:: DATASET ENTRIES ::
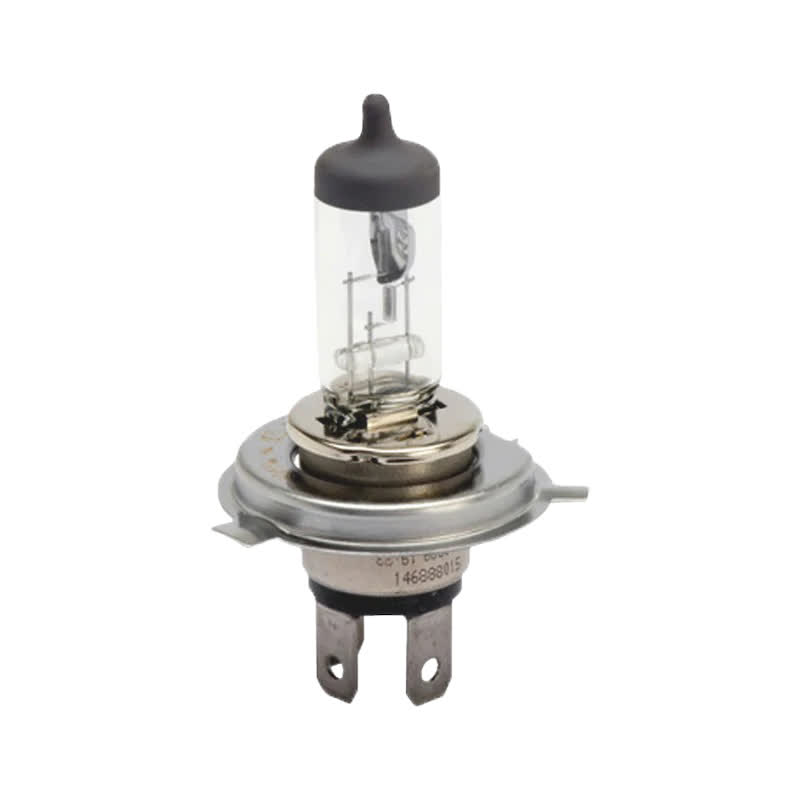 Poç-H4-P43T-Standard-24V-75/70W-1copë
---
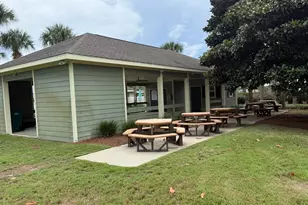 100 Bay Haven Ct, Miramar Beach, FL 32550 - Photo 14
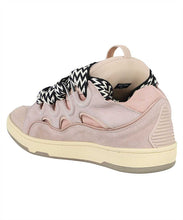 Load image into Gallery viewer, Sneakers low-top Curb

:: WORK REQUIRED ::
Go back to the listing above and write out the lines starting at the one with "100 Bay Haven" and ending at the one with "Load image into", inclusive, exactly and without pictures.

:: RESULT ::
 100 Bay Haven Ct, Miramar Beach, FL 32550 - Photo 14
 Load image into Gallery viewer, Sneakers low-top Curb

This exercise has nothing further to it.